Kahire'ye indiğim günlerde Çin-Mısır tatbikatı dünya basınındaki gibi ülke gündeminde yer ediyordu. Yerel televizyonların ana haberlerinde tatbikatın detayları paylaşılıyordu. İki ülkenin "Medeniyet Kartalları 2025" adını verdikleri ilk ortak hava kuvvetleri tatbikatı Kahire semalarından izlenmişti. Bu tatbikat, iki ülke arasındaki askeri ilişkilerin derinleştiğini ve Çin'in Orta Doğu'daki varlığını sürdürme çabalarını yansıtıyordu.
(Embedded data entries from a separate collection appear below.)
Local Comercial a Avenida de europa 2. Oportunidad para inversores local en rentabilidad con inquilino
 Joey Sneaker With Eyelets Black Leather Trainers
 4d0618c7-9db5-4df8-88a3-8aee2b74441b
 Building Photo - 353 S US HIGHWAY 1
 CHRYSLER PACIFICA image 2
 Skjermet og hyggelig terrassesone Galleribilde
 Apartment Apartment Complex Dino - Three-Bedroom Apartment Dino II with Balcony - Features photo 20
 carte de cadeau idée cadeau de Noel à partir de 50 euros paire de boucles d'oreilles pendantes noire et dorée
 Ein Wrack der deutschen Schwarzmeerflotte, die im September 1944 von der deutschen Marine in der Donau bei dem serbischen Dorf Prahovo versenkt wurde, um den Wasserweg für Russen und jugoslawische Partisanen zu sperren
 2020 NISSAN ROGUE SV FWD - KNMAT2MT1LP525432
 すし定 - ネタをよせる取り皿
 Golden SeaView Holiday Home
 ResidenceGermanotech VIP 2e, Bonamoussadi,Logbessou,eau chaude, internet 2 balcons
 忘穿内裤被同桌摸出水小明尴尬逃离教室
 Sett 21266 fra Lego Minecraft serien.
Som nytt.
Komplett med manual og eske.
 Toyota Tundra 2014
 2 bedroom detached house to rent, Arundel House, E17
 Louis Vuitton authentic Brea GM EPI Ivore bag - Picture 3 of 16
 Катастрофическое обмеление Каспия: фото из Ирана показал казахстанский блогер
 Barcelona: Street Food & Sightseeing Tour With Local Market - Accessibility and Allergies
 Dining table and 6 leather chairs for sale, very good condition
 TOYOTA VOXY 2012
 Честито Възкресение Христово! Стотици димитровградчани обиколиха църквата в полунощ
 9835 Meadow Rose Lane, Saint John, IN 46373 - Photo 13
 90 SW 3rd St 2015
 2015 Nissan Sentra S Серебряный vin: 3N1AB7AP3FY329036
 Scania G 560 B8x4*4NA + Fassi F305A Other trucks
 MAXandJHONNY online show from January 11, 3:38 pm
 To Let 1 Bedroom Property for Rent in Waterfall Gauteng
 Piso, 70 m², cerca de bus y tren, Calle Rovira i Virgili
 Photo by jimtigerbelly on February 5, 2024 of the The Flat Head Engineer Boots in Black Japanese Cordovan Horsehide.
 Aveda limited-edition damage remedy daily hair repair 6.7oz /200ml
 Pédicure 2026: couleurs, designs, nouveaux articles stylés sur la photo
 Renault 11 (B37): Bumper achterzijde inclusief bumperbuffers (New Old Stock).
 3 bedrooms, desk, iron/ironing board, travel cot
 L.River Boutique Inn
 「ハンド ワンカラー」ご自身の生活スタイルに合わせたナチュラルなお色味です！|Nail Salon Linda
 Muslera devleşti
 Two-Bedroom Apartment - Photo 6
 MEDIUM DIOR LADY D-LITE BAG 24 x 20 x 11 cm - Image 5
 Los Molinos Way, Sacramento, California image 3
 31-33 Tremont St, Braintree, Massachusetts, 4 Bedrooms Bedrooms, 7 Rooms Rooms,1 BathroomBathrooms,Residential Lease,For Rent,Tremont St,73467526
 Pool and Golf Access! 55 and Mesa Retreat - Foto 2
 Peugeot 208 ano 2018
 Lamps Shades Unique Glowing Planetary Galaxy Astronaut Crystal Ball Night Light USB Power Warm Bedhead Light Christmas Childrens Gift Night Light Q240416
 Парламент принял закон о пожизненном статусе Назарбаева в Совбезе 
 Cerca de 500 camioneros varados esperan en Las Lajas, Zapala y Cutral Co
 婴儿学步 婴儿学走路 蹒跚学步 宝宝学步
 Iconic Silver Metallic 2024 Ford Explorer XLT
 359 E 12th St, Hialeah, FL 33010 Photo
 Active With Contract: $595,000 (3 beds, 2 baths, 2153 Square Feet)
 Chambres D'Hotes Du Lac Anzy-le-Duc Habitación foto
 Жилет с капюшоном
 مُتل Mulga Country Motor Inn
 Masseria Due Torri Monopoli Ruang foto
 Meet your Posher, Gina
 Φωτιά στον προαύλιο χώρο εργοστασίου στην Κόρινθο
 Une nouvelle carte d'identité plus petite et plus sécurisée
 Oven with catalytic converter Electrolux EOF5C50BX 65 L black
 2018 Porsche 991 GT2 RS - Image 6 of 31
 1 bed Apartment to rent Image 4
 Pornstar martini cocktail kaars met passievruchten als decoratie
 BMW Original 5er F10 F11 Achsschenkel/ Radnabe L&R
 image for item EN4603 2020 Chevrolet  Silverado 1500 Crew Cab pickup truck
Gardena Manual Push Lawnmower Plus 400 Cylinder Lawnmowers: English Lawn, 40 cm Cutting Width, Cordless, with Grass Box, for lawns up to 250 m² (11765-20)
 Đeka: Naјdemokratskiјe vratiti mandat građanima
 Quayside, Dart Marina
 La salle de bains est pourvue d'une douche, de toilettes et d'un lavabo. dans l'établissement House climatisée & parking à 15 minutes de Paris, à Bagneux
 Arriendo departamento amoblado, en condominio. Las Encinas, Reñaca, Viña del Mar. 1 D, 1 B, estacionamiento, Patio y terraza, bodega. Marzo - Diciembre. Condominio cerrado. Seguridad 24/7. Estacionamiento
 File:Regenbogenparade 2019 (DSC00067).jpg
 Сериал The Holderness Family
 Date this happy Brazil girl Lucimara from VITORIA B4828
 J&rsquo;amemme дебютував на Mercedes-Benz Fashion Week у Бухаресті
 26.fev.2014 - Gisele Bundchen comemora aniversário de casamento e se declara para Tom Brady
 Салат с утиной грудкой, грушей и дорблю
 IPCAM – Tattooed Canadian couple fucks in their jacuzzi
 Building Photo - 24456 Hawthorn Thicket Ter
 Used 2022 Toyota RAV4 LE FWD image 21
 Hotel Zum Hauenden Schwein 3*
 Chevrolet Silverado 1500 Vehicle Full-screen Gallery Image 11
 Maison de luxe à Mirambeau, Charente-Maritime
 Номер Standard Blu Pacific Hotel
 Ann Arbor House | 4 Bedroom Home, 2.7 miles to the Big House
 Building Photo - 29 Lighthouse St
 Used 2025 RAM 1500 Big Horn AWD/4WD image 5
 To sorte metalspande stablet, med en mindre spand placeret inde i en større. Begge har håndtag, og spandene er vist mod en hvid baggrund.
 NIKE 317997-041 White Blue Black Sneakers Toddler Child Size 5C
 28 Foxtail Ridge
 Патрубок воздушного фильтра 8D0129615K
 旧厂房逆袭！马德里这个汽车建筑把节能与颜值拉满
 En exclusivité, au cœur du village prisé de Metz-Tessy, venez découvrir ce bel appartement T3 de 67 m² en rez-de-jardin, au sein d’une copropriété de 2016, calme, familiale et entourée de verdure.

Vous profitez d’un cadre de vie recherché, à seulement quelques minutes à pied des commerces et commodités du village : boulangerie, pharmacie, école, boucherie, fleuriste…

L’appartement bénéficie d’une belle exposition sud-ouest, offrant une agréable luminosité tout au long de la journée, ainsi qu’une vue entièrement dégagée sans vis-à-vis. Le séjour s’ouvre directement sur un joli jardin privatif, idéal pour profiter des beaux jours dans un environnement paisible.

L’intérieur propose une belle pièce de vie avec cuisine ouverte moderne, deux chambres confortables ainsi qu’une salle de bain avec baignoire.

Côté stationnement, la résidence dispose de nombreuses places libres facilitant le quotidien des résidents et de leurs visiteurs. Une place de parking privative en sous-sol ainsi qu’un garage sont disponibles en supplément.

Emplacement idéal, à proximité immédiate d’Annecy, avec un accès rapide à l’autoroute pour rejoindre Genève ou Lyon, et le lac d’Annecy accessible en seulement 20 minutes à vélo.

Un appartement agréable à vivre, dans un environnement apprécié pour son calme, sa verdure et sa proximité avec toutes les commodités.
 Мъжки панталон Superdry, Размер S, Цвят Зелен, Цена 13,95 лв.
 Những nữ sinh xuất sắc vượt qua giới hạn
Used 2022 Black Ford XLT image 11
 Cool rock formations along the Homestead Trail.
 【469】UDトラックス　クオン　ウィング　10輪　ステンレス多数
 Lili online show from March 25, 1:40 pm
Çin'in özellikle rüzgar enerji üretim tesisleri, güneş enerji paneli üretimi ve hidroelektrik santrali inşaatı Mısır'daki yatırımlarının vizyonunu gösteriyor. Ayrıca Afrika'nın ilk uzay laboratuvarını burada kurarak uydu imalatını yapması Mısır kamuoyunda ilgiyle karşılanmış.
Kahire'nin küresel rekabette taraflardan yatırım desteği istediğini ve stratejik konumunu bir avantaja dönüştürdüğünü söyleyebiliriz. Körfez aktörlerinin Mısır sokağını dingin kılacak formüller aradığını ve özellikle Gazze krizinin yaratacağı riskleri hesap ettiklerini söyleyebilirim.
Kahire yönetimi arabuluculuk sürecinde Katar'la birlikte çaba sarf etti ve hala da bu misyonu sürdürüyor. Mısır'ın planına göre Gazze'de uzlaşma sağlandığı takdirde Gazze'nin kuzey bölgesinde kurulacak kentin inşa faaliyetini Mısır yönetimi üstlenmek istiyor. Bu formül gerçekleşebilir mi birlikte izleyeceğiz. Mısır'ın küresel rekabetteki pozisyonu merak edilebilir. Kahire yönetiminin küresel rekabeti fırsata çevireceğini ve işler yolunda gittiği sürece tarafları ülkeye yatırım yapmaya ikna edeceğini söyleyebiliriz.